La limitazione delle misure cautelari
Il secondo quesito modifica le cosiddette “misure cautelari”, i provvedimenti che un giudice può disporre su una persona non ancora condannata (arresti domiciliari, custodia in carcere o in un luogo di cura). Il quesito referendario si propone di modificare l’articolo 274 del codice di procedura penale, riducendo le specifiche solo a casi di estremo e concreto pericolo che l’indagato possa commettere reati con l’uso di armi, con la criminalità organizzata o contro l’ordine costituzionale.
Per i sostenitori del sì, la modifica attenuerebbe l’aumento costante negli anni di un provvedimento che dovrebbe essere un’eccezione. Secondo i sostenitori del no, allo stato attuale le possibilità sono già opportunamente circoscritte. E una loro ulteriore limitazione comporterebbe un rischio per la sicurezza dei cittadini.
La separazione delle funzioni tra magistrati
Il terzo quesito è forse il più discussio: la separazione delle carriere tra magistrati giudicanti e requirenti. I primi svolgono la funzione di giudice, i secondi corrispondono ai pubblici ministeri, quindi all’accusa. Entrambi ad oggi seguono lo stesso percorso formativo e possono cambiare funzione fino a quattro volte. Il referendum vuole eliminare a monte la possibilità per giudici e pm di cambiare.
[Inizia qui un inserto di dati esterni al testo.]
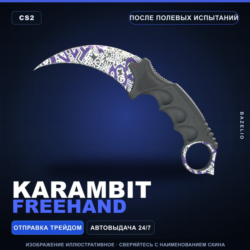 Karambit | Freehand | После полевых испытаний · Скин Counter-Strike 2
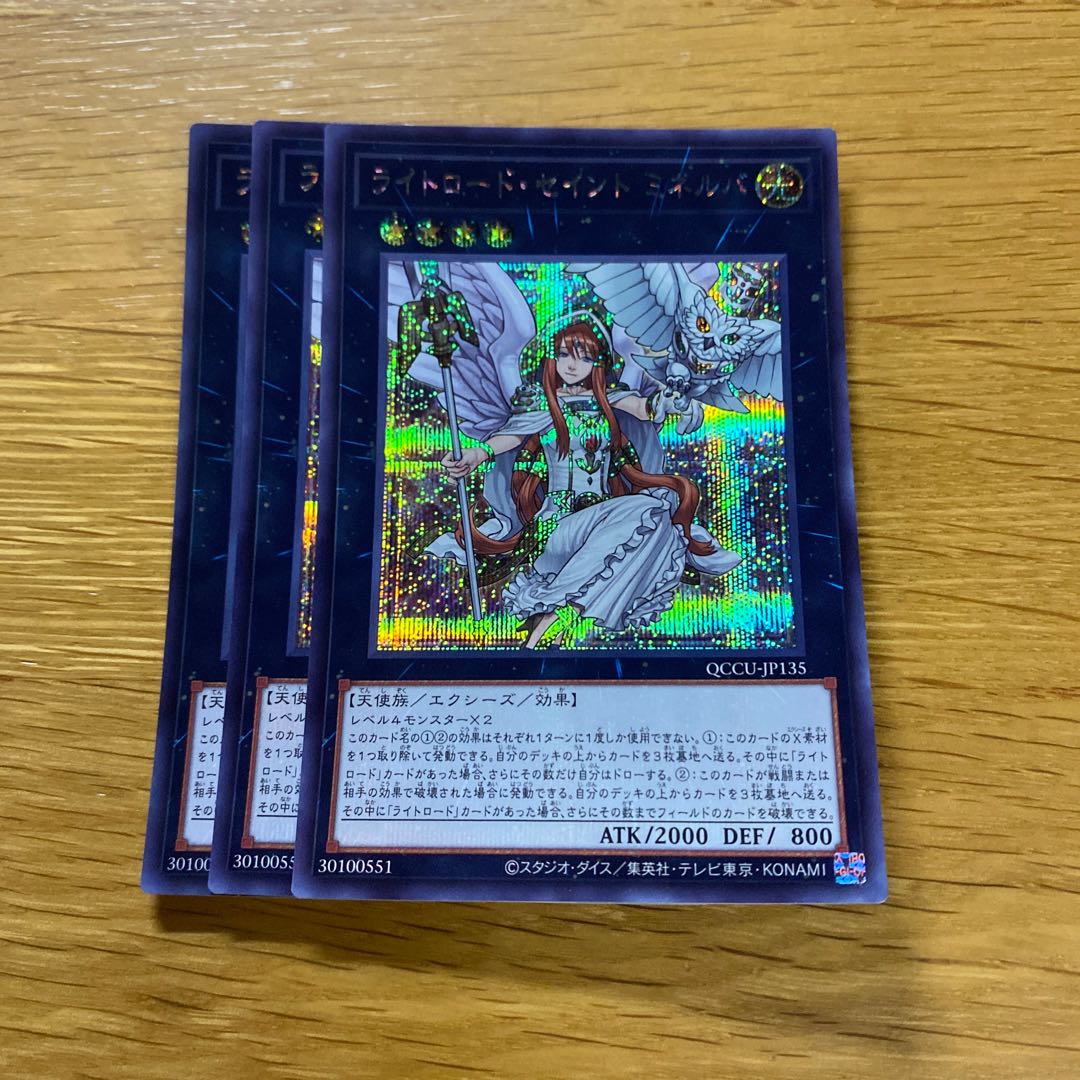 Minerva, the Exalted Lightsworn Secret Rare QCCU-JP135 1枚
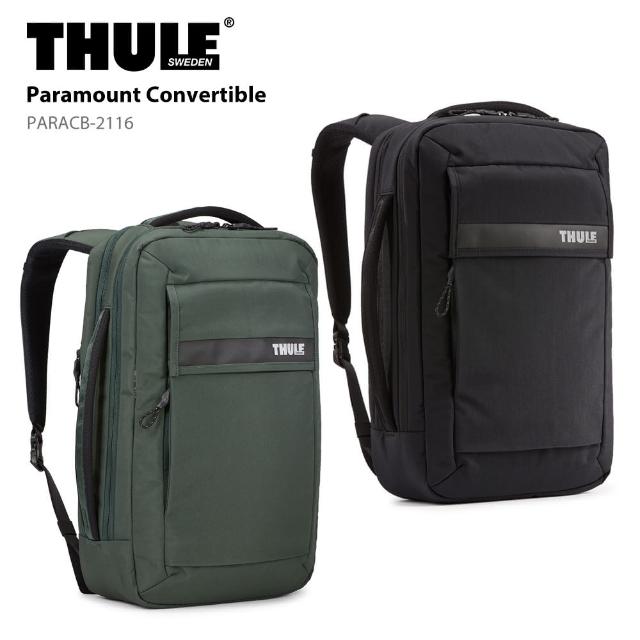 【Thule 都樂】16L 後背包 15.6吋筆電包 PARACB-2116 電腦包 Paramount Convertible(贈環保購物袋１入)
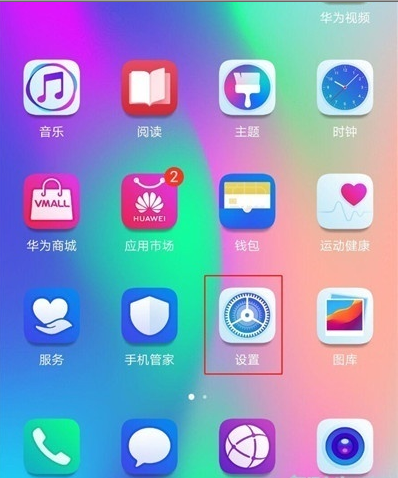 华为nova4设置全屏的具体操作步骤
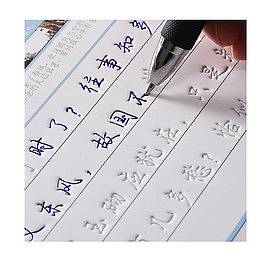 轻奢莫品行书字帖成人凹槽练硬笔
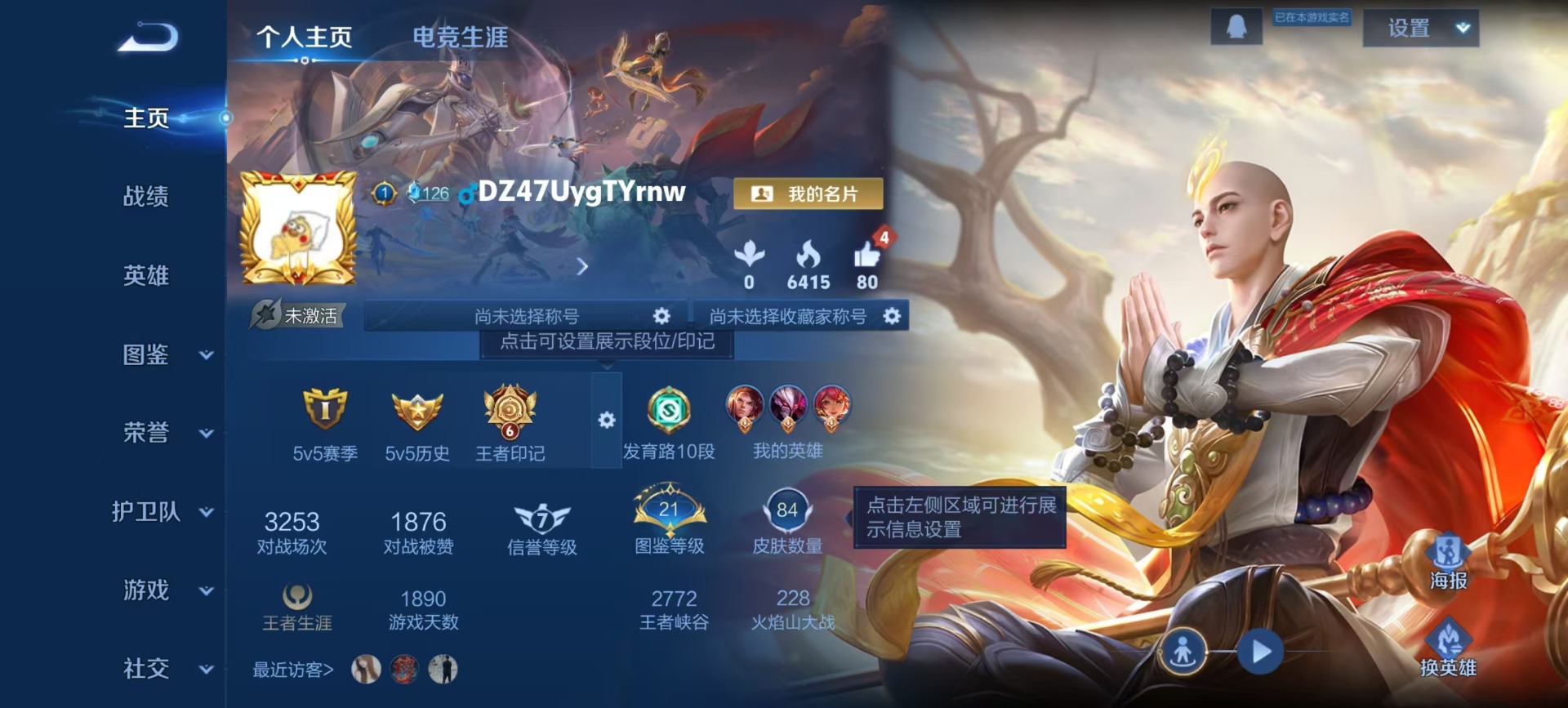 WZQM3481303王者荣耀账号详情图11 WZQM3481303王者荣耀账号详情图11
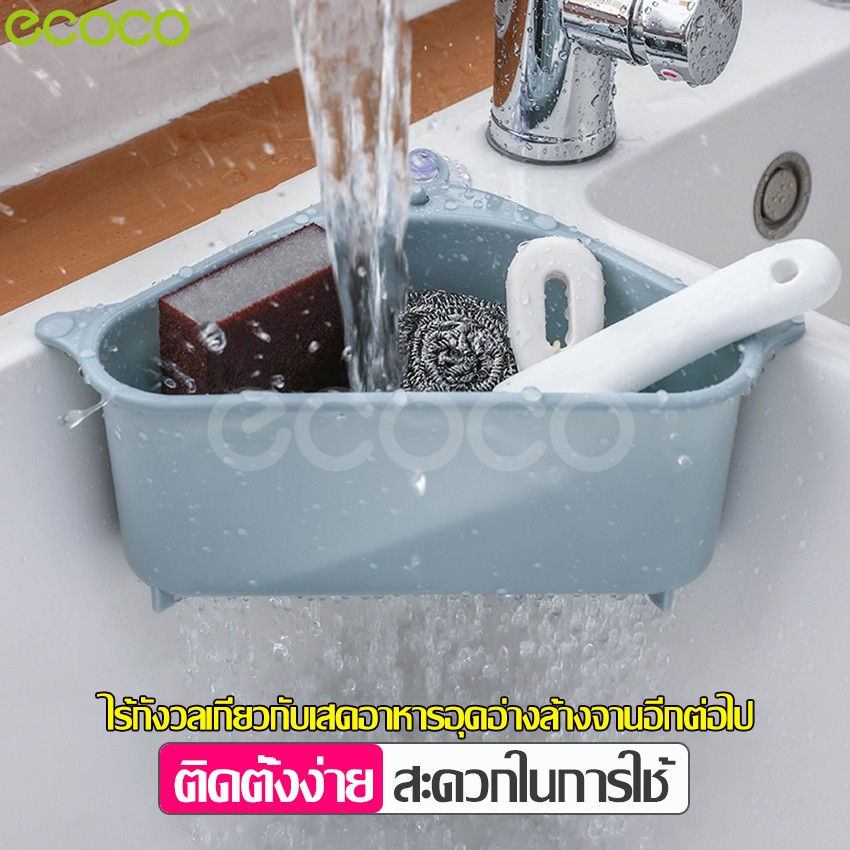 singaye ตะแกรงกรองเศษอาหาร ที่กรองเศษอาหาร ตะกร้าล้างผัก ตะกร้าล้างผลไม้ ที่วางฟองน้ำ ซิงค์ล้างจาน ตะกร้าอเนกประสงค์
Per i favorevoli, il referendum garantirebbe una maggiore imparzialità dei giudici. Secondo i sostenitori del no, la magistratura dovrebbe essere un corpo unico e quindi non è possibile imporre una separazione definitiva, all’inizio della carriera, tra le funzioni requirenti e giudicanti.
La valutazione dei magistrati
Il quarto punto è sulle modalità con cui viene valutata la professionalità dei magistrati. Ogni quattro anni i magistrati ricevono una valutazione del loro operato dai consigli giudiziari, organi “ausiliari” del Csm composti “togati” e da “laici” (avvocati e professori universitari). Attualmente, solo i “togati” partecipano attivamente al processo di valutazione, mentre i “laici” sono esclusi, e il referendum chiede che anche i laici possano partecipare.
Il fronte del sì ritiene la modifica una via per attenuare il peso delle correnti; mentre il no sostiene che la questione debba essere risolta per via legislativa e non referendaria. Anche perché il quesito potrebbe rischiare di dar vita a situazioni in cui avvocati e magistrati possano ingraziarsi tra loro.
Le firme per candidarsi al Csm
L’ultimo quesito è sulle modalità con cui i magistrati possono candidarsi al Csm. Al momento, servono almeno 25 (e massimo 50) firme raccolte tra altri magistrati. Il quesito chiede di abrogare quest’obbligo, facilitando quindi le procedure.
Secondo i sostenitori del sì, sarebbe un grosso passo verso l’attenuazione delle correnti. Per i contrari è logico che nella magistratura, come in ogni altro concorso elettorale, un candidato parta da una base di consenso minima.